Bu köşenin takipçileri hatırlayacaktır. Haftada bir gün eşimle evde klasik film izliyoruz. Gündemin sürekli değiştiği ülkemizde bu pazar da siyasetten ve gündemden uzak durmak istiyorum. Geçen hafta Cesur Yürek’i izlemiş ve filmle ilgili düşüncelerimi yazmıştım. Bu haftaki köşemize konu olacak film ise: Titanik.
***
Filmde Brock Lovett ve grubu, batmaz denilen fakat yolculuğu 4,5 gün süren Titanik’in enkazında, okyanusun kalbi adı verilen bir kolye arıyorlar. Fakat kolye yerine bir resim buluyorlar. Haberlerde kendi resmini gören Rose, Brock’la iletişime geçiyor ve araştırma gemisine geliyor. İşte hikaye de böylece başlıyor. Rose, Titanik’in yolculuğunu ve yaşadığı efsanevi aşkı anlatıyor.
***
Bu filmi izlemeyen yoktur herhalde. Dünya çapında hasılat rekorları kıran ve ülkemizde de uzun bir süre vizyonda kalan film, efsanevi bir aşkı anlatıyor. Filmi ilk izlediğimde yanılmıyorsam lise yıllarımdı. O zaman izlediğimde Rose ile Jake bana uyumlu gelmemişti. Jake zayıf ve Rose’den küçük görünüyordu.
Şimdi yeniden farklı bir gözle bakayım dedim.
Yok, yine aynı.
Düşüncem değişmedi.
***
Ayrıca şunu farkettim: Filmde 4,5 gün süren bir aşk hikayesi, 10 yıllık bir ilişki yaşamış gibi anlatılıyor..
Şöyle ki; ilk gün akşam denize atlayacakken tanışıyorlar.
Sonra diğer 3 gün kurallara, sınıf farkına, nişanlısına, yaşantısına rağmen müthiş bir aşk yaşandığı gösteriliyor.
Filmi izlerken ister istemez yaşadıkları aşk yalan, gerçek olan tek şey geminin batması dedim.
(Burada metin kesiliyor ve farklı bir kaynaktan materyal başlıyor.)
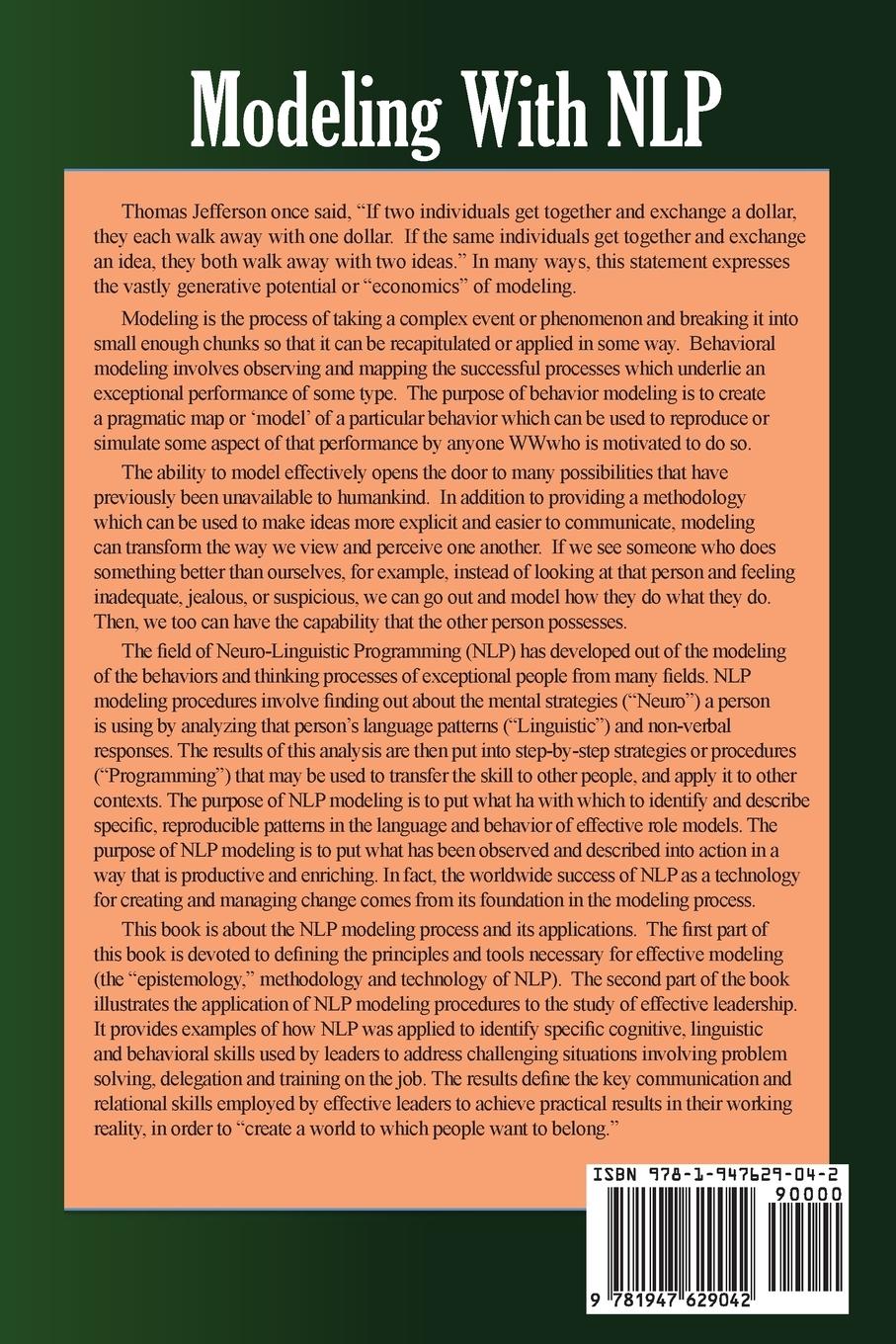 Rückseitencover Modeling with NLP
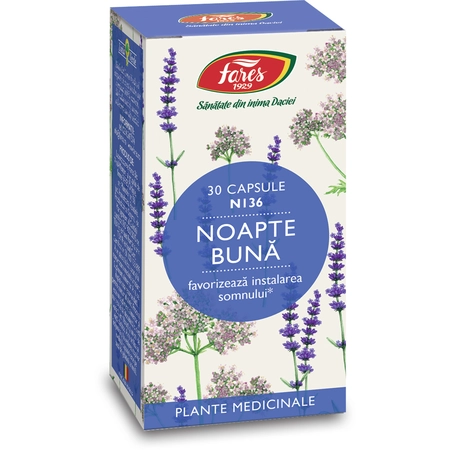 SUPLIMENTE ALIMENTARE - Noapte buna N136, 30 capsule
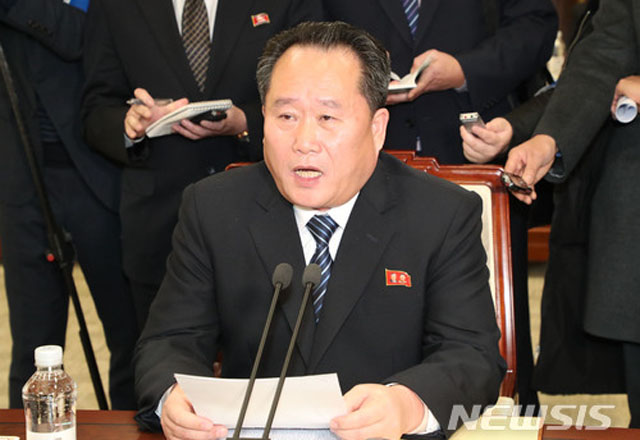 ▲ 지난 17일 문재인 정부를 온갖 막말로 비난한 리선권 北조평통 위원장. ⓒ뉴시스. 무단전재 및 재배포 금지.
Oysa aralarında çocukluklarında, ya da başka bir dönemde arkadaş/tanış/sevgili oldukları gösterilse(bir sürü yolu var) daha inandırıcı gelirdi bana.
BAKIŞ AÇISI
Filmi eleştirirken şunu düşündüm. Tema yazarın bakış açısı olduğundan, filmin teması yazara göre: “Aşk sınıf farkı tanımaz” olabilir diye düşündüm. Ama benim bakış açımla bakarsak temam, “aşk gemi batırır” olurdu herhalde. Ya da “başkasının yaşamını izleyeceğine kendi işine bak” olabilirdi. Belki de senarist bunu yan tema olarak gözümüze soktu bilmiyorum.
Fakat öyle bir sahne yapmışlar ki, Jake ile Rose güvertede öpüşüyor, işi gözlemcilik olan görevliler bunları dikizliyor.
Son ana kadar da buzdağını görmüyorlar.
Okyanusa çıkan kıytırık gemilerde bile olan dürbünden, dönemin en lüks gemisi Titanik de yok. Belki sahne gece diyedir bilemedim. Ama düşündürttü beni neden diye.
****
Farklı olamaz mıydı?
Filmi izlerken ben yazsam nasıl yazardım? Bu olay farklı anlatılamaz mıydı? sorularına yanıt aradım.
Anladığım şu. Tredman da “Gemi buzdağına çarpacak” deniliyor.
Senaryo da ise bu olay, Jake ile Rose öpüşecek.
Görevliler onları izleyecek, Titanik buzdağına çarpacak şeklinde işleniyor.
***
Oysa ne bileyim güvertede iki ayyaş kavga etse. Gözcüler onlara baksa, daha hoş olurdu gibi geldi bana. En azından ana karakterler aşklarıyla, bir geminin batmasına neden olmamış olurlardı. Tabi benim gözümde. Yani ben yazsam böyle yapardım diye düşündüm.
***
Filmle ilgili diğer düşüncelerim ise şöyle:
Beğendim: Dönemin tekniklerine göre görsel efektler iyiydi.
Beğenmedim: Rose’un fiziğini.
Nefret ettim: Kadınlarla birlikte filikaya binmeye çalışan karakterden.
Sevdim: Oğlunun elbiselerini Jake giydiren karakteri.
Sevmedim: Eski bir polis olmasına rağmen Jake’i elleri kelepçeli halde ölüme terkedip gideni.
Anlamadım: Jake’in neden tahtaya çıkmadığını?